2) Class loading check Class loading statistics is the main statistics of the program is currently loaded all the class information, is an important data to calculate the meta space occupancy. Excessive load class information can also lead to a large footprint in the meta space. In a scenario like RPC, caching load class information is easy to trigger OOM.

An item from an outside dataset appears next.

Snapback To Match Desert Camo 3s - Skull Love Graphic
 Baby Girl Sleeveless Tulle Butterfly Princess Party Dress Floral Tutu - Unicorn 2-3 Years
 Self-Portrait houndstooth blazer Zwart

3) Object leak checking first introduces three concepts; Shallow heap: The amount of memory occupied by an object, independent of the object’s content, depends only on its structure. Deep heap: The actual amount of memory that can be freed after an object is collected by GC, that is, the sum of the shallow heap of all objects accessed through the object (the dominant tree). Domination tree: In the reference graph of an object, all paths to object B pass through object A, then object A is considered to dominate object B; If object A is the dominant object closest to object B, object A is considered to be the direct dominant of object B. According to the GC policy, objects in the heap can only have two states: objects reachable through the GC root; The other is objects that are not reachable through GC root. Unreachable objects are collected by the GC collector and the corresponding memory is returned to the system. However, reachable objects are objects that are directly or indirectly referenced by users. Therefore, object leakage targets objects that are indirectly referenced by users but never used. These objects cannot be released because they are referenced. Object leakage is not absolute, but relative, and there is generally no exact standard, but it can be assessed by the deep heap size of an object. For example, if you detect that the HashMap stores 4844 objects (as shown in Figure 14) and calculate the shallow heap of the HashMap to be about 115KB, you may feel that there is no problem. But by calculating the object’s deep heap, it turns out to be more than 500MB. In this case, the failure to free the HashMap and keep adding new keys could cause the heap to run out of memory and an OOM to appear.

About the author:

Nianwu, Senior Backend Engineer

Mainly responsible for Java performance platform and JDK support, also have in-depth research on defect checking and compiler.